It is quite possible that if I were to read lots of papers by Behe, Dembski, or other ID proponents, I would find many of the contradictions that you assert. Maybe these guys are complete morons who can't utter more than a few sentences without contradicting themselves. I don't know.
However, I have read one and only one paper all the way through, and in it, they gave a definition of irreducible complexity. That definition was posted previously. I have read a bunch of other snippets, media reports, blog postings and such, and they all agree.
Irreducible complexity is a simple definition. It doesn't say anything at all about evoloution. It doesn't say anything at all about intelligent design. It doesn't say anything at all about biology. (The first example of an IC system I ever read was a mousetrap.) "Irreducibly complex" is an adjectival phrase that describes a multi-part system that won't function if you take out one of the parts. That's it. Period. End of sentence. No ID. No theistic evolution. No evolution. No biology. Done.
My body is an irreducibly complex system because my liver, or lungs, or stomach, or whatever, is necessary for its continued function. That isn't a statement about evolution or intelligent design.
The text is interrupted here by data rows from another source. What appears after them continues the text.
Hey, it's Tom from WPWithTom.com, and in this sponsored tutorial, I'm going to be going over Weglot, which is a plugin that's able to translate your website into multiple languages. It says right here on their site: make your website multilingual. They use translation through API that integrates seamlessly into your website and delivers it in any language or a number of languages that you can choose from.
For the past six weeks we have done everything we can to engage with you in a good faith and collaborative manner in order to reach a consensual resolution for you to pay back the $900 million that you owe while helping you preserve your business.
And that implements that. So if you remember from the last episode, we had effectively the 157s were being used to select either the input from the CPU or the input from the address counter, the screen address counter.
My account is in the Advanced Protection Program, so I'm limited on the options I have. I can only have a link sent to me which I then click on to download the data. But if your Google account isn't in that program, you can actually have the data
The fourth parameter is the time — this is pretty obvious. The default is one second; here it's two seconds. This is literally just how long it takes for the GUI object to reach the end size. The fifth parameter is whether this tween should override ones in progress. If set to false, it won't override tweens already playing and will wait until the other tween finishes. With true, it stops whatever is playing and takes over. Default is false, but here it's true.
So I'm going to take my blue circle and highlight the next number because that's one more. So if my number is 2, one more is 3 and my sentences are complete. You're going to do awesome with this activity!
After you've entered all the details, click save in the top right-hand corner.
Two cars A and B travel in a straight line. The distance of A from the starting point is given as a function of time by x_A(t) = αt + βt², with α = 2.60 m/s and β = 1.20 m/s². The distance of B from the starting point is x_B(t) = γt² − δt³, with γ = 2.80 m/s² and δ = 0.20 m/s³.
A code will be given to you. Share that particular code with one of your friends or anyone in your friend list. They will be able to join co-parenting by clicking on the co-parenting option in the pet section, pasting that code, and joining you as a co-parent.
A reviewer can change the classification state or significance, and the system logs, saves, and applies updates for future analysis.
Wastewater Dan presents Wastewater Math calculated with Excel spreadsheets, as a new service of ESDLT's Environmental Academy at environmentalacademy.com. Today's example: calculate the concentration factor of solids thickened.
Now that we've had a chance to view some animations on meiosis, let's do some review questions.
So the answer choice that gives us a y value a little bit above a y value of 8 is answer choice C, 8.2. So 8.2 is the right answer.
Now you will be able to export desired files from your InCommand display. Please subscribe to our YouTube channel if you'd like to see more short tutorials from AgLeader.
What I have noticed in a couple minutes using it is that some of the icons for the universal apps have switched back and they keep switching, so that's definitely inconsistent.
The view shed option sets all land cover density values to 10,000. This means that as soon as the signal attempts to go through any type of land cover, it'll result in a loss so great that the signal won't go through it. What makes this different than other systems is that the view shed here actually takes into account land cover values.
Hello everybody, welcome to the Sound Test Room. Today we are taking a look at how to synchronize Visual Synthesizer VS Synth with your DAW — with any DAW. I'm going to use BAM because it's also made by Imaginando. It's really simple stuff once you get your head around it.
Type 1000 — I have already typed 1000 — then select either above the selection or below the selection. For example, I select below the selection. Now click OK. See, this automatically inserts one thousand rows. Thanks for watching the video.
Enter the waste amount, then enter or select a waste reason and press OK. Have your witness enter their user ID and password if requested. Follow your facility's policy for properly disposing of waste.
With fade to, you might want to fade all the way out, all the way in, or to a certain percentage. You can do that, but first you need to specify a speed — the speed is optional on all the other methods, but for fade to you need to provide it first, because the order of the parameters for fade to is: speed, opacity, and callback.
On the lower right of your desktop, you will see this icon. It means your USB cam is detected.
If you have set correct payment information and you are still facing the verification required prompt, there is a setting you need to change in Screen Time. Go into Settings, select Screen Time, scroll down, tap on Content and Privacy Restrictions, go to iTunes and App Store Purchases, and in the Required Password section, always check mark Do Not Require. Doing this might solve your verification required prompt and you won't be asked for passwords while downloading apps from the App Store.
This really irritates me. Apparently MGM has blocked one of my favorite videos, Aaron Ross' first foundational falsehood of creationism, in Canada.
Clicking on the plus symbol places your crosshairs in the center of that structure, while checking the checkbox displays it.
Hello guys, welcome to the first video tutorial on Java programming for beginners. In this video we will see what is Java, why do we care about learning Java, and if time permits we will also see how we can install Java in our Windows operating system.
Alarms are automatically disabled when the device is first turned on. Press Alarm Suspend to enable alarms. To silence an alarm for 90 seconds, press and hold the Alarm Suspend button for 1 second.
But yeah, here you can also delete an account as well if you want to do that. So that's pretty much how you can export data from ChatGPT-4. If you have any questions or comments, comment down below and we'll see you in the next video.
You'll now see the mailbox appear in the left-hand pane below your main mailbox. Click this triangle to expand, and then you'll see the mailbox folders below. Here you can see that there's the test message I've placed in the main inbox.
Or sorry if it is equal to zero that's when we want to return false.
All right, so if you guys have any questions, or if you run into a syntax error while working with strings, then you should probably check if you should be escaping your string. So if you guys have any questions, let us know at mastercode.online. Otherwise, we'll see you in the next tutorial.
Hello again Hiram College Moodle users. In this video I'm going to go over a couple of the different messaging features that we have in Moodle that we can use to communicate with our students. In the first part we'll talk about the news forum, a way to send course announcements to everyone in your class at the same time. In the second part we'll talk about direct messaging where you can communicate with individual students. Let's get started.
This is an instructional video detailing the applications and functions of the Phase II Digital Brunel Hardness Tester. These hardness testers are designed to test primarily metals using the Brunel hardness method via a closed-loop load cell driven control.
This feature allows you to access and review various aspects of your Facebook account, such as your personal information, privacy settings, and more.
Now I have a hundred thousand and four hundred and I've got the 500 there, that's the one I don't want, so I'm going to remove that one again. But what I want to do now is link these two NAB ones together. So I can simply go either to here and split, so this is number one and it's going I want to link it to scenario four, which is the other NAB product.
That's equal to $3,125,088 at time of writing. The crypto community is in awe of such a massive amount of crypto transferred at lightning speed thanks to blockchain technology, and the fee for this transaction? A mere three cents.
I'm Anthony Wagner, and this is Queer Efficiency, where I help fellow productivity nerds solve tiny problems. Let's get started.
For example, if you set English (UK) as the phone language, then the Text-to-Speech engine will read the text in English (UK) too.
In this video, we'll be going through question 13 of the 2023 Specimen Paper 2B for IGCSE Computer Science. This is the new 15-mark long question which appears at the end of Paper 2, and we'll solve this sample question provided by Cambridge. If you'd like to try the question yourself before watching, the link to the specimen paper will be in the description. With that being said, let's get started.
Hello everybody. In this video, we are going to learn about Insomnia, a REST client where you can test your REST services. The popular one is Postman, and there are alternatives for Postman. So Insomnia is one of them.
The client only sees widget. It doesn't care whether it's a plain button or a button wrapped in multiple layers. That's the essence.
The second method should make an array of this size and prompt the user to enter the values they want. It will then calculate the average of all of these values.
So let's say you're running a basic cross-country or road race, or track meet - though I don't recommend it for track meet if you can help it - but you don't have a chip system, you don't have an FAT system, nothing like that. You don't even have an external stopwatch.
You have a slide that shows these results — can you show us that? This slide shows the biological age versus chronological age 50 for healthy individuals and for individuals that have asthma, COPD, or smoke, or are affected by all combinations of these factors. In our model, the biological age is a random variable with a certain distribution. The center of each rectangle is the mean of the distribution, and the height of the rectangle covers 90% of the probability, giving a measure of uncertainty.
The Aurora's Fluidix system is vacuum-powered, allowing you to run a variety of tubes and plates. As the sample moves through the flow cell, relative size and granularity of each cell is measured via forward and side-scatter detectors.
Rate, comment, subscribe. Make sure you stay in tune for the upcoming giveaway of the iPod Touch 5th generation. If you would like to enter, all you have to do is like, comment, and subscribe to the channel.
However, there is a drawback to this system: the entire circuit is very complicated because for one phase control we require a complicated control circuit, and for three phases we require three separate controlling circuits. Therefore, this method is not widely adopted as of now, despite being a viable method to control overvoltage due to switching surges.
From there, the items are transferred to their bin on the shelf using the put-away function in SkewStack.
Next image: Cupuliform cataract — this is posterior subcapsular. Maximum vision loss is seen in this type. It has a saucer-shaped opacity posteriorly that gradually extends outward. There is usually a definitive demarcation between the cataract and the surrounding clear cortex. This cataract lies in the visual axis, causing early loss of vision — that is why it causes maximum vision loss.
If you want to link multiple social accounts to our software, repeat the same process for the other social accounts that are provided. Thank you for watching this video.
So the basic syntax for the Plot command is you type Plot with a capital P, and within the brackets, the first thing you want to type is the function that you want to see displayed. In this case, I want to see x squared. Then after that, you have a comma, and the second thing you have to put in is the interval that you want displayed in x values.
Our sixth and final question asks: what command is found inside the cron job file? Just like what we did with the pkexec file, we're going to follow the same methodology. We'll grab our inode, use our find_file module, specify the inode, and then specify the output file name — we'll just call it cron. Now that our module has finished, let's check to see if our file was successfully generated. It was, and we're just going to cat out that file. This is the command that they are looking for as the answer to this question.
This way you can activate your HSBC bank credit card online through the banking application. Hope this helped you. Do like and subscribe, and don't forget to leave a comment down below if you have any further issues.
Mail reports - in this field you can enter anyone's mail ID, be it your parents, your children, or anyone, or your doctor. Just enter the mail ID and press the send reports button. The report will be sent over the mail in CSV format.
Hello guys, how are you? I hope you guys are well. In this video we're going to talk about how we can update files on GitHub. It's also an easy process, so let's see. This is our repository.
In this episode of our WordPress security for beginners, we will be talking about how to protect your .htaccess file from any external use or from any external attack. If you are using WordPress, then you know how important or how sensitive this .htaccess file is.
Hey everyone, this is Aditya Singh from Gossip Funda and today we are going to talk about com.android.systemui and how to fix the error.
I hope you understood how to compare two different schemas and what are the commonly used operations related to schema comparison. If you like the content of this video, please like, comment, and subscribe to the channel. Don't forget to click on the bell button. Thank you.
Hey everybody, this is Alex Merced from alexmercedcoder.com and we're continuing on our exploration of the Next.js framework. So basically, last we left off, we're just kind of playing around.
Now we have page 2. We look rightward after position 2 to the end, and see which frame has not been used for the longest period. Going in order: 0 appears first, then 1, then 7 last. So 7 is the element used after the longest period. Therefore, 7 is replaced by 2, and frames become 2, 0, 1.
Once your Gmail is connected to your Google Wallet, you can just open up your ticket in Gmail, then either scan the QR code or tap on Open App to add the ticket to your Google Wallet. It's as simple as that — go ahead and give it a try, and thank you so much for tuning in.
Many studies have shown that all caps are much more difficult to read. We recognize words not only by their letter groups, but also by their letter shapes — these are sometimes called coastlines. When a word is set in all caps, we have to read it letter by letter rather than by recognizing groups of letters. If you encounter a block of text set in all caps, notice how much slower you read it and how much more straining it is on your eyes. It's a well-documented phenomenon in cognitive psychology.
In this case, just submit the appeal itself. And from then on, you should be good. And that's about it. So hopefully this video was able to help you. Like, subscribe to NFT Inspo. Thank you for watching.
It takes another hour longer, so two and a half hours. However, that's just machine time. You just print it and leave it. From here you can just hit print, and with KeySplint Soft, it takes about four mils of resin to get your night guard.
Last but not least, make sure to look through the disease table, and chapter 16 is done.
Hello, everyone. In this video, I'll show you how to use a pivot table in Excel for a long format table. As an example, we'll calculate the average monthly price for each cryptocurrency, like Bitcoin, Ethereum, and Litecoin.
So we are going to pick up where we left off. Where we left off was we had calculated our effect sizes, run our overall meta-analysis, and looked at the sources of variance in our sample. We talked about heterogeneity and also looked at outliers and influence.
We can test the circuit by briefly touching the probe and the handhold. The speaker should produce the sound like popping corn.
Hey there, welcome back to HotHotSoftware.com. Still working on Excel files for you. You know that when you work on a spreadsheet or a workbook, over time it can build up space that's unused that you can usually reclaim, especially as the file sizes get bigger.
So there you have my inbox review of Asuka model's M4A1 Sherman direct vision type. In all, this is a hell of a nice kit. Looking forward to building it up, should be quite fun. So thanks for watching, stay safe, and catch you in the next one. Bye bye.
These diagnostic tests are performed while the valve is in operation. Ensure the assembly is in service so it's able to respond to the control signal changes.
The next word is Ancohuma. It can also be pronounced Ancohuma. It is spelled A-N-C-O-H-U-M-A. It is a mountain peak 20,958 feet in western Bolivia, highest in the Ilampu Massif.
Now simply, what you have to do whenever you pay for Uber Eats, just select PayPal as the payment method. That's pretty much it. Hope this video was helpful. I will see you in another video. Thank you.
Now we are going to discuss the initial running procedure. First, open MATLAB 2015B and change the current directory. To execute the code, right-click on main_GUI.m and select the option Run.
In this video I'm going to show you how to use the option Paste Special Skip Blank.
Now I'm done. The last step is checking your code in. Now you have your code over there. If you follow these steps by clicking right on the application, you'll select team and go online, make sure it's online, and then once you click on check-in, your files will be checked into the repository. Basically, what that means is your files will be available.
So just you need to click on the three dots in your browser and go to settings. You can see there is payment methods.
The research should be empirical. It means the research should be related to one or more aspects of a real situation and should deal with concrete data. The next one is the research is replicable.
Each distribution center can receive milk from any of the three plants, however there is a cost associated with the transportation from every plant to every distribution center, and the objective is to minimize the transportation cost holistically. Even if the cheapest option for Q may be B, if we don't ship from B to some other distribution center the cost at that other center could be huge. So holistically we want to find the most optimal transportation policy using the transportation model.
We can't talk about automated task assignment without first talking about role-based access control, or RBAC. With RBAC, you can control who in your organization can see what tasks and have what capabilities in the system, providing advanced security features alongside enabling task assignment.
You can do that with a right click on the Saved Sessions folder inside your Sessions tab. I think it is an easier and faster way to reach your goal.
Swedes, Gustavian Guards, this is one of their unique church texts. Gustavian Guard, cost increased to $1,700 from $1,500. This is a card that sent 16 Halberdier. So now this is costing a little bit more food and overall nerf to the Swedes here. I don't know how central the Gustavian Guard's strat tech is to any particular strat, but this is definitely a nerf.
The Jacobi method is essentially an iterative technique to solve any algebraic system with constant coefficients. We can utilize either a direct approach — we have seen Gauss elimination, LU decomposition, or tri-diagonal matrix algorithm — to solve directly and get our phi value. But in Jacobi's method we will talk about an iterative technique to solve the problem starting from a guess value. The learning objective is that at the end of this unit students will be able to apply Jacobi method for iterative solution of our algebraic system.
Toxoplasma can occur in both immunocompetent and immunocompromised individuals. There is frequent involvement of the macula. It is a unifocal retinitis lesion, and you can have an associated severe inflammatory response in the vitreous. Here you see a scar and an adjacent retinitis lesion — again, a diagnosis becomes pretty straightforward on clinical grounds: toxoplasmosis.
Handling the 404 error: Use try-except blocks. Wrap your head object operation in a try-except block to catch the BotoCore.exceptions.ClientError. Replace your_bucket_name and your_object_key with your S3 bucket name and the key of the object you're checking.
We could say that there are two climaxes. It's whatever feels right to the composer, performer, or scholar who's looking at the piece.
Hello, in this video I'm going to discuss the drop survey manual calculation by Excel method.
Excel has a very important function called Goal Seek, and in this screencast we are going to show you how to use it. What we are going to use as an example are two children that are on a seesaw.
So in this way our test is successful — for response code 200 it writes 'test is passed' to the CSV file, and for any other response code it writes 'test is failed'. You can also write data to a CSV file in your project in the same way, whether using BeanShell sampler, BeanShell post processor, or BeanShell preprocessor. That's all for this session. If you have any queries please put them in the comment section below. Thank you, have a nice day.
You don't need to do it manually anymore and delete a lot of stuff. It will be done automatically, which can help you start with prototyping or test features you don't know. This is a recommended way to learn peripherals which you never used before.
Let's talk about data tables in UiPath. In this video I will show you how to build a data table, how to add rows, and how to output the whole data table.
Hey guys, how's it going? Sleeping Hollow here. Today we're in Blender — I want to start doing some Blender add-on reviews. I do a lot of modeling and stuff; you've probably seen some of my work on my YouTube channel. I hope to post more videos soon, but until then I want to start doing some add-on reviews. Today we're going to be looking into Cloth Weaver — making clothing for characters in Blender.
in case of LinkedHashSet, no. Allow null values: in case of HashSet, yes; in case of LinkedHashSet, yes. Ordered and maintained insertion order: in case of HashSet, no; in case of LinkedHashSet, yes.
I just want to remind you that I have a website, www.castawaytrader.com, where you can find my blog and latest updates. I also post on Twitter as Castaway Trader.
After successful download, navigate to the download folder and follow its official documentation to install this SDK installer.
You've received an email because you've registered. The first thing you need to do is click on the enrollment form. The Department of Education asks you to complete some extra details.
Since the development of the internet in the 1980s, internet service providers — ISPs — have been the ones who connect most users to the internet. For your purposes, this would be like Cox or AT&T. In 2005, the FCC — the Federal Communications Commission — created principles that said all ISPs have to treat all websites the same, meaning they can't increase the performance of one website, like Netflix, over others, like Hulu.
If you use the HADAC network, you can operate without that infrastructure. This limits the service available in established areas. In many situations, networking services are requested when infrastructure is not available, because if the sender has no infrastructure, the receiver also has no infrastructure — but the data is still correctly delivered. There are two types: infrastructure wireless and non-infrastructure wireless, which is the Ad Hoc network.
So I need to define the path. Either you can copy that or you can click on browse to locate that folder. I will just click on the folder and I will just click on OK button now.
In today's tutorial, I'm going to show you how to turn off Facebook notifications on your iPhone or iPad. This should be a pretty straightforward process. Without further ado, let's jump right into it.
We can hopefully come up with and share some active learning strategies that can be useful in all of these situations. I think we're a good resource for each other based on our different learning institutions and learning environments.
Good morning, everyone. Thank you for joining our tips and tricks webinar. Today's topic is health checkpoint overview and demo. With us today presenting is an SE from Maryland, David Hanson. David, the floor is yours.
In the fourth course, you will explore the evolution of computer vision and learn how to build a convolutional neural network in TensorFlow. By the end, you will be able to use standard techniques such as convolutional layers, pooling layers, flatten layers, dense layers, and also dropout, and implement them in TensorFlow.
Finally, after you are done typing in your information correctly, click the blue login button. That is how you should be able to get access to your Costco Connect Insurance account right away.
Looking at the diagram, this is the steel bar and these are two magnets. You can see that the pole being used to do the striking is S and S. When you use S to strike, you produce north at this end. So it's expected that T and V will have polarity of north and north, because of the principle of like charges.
My computer is irreducibly complex because it needs a CPU to operate. That's a definition. And I would be very surprised if you could find a contradiction to that statement in the writings of ID proponents.
Well, your body is not irreducibly complex. There are many many things you could do without. In fact, you can do without a good portion of your liver. So then, IC must redefine a human to be a certain number of parts (like a mousetrap) that it cannot do without. As such, it is such a loose and sloppy definition, subject to revision by medical science, that it fails completely.
But the point is that IC is used as a hammer to disprove evolution. You cannot deny (if you have read much of their works) that this is the purpose that Behe and others have crafted that definition for.
"Evolution cannot be true because what good is half an eye." That is a strawman that suggests evolution proposes "half-eyes".
They suggest a mousetrap must have all of it's parts. But a moustrap with a weaker spring is still a mousetrap. A mousetrap with a stickier trigger is still a mousetrap. If mousetraps evolved, they would go through stages where the parts improved (by natural selection). There would not be a mousetrap without a spring.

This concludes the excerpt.